Information supplied —
-=-=-
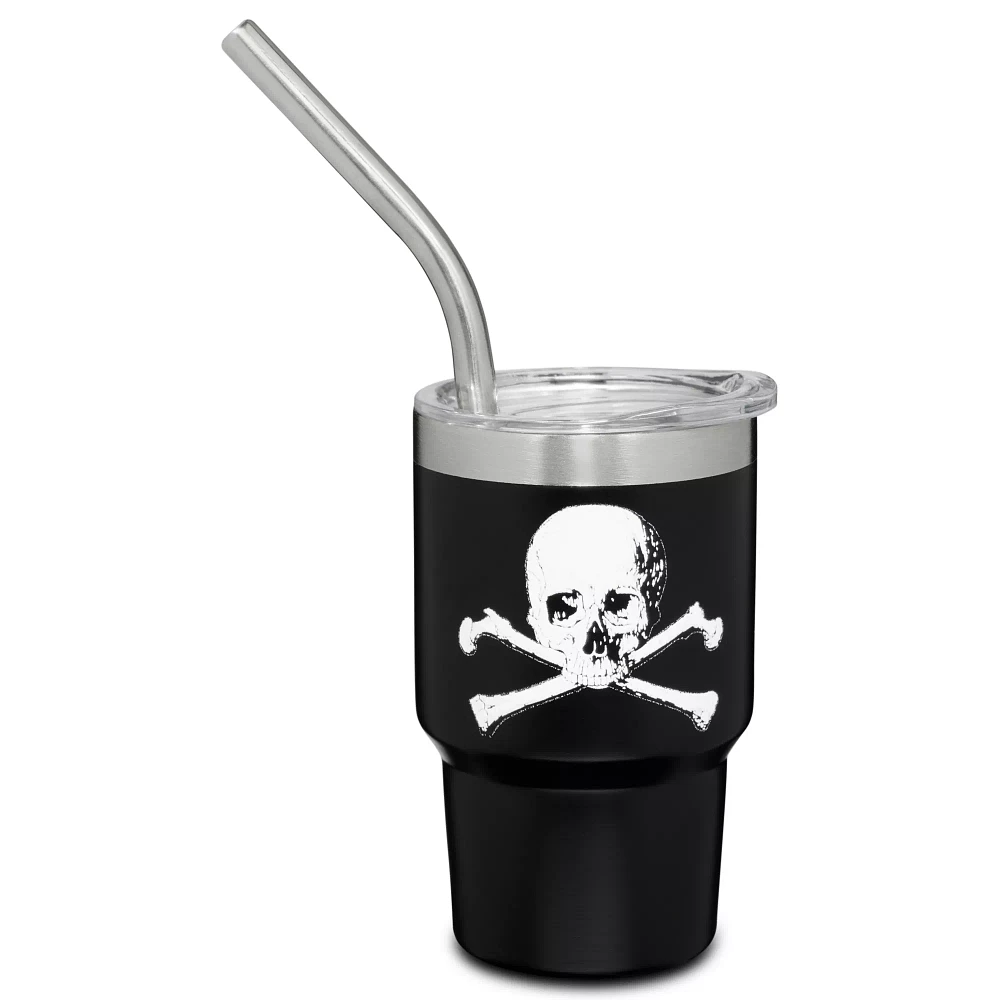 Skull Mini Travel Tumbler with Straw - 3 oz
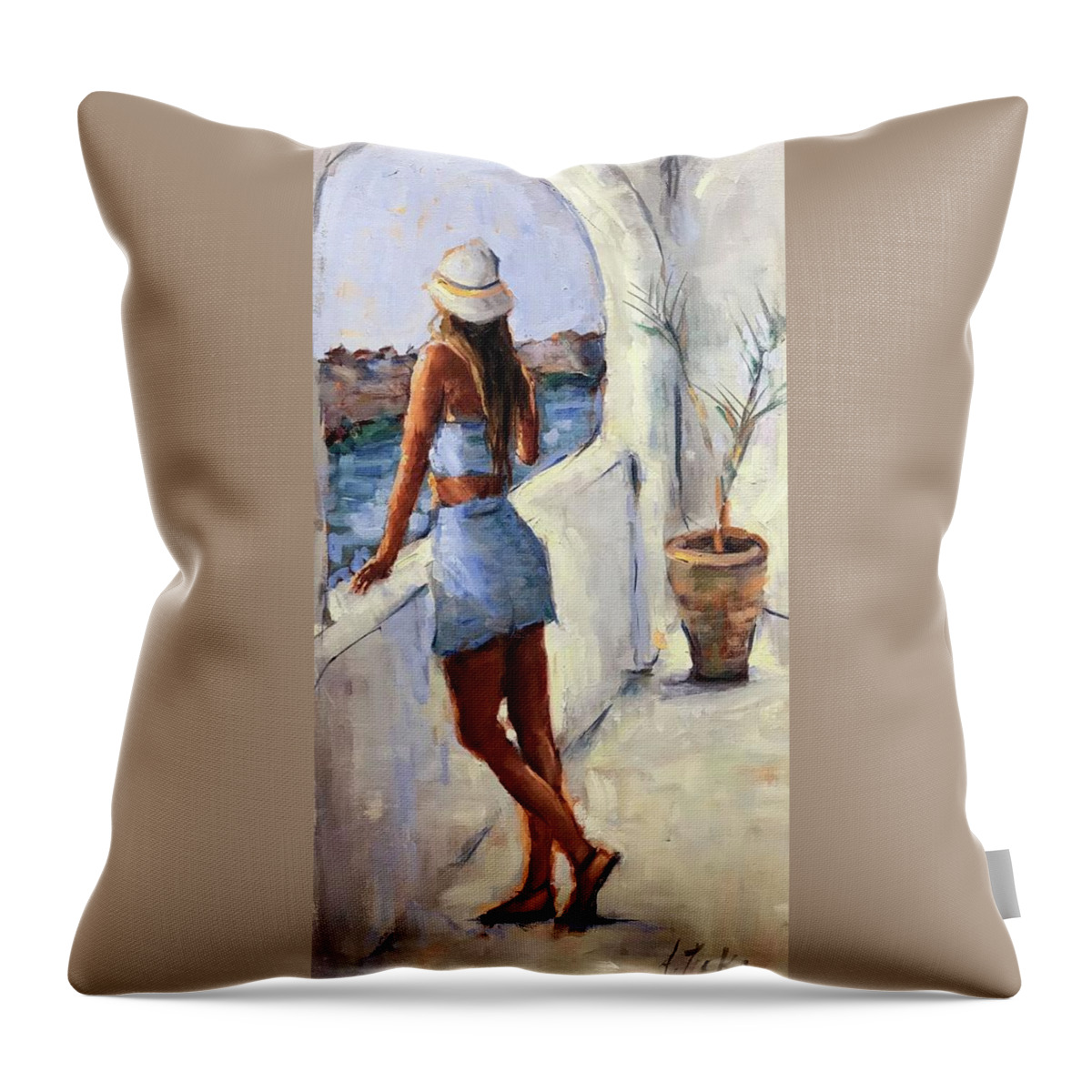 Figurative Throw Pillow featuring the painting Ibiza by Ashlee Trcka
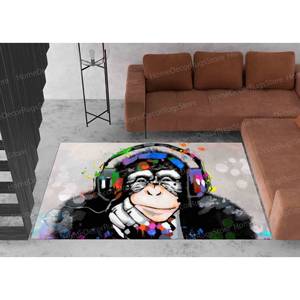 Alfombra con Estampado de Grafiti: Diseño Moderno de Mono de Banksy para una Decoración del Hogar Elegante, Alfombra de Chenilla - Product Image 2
-=-=-
Task directions — Without any of its pictures, the listing is to be repeated exactly as it stands.

Problem solution —
 Skull Mini Travel Tumbler with Straw - 3 oz
 Figurative Throw Pillow featuring the painting Ibiza by Ashlee Trcka
 Alfombra con Estampado de Grafiti: Diseño Moderno de Mono de Banksy para una Decoración del Hogar Elegante, Alfombra de Chenilla - Product Image 2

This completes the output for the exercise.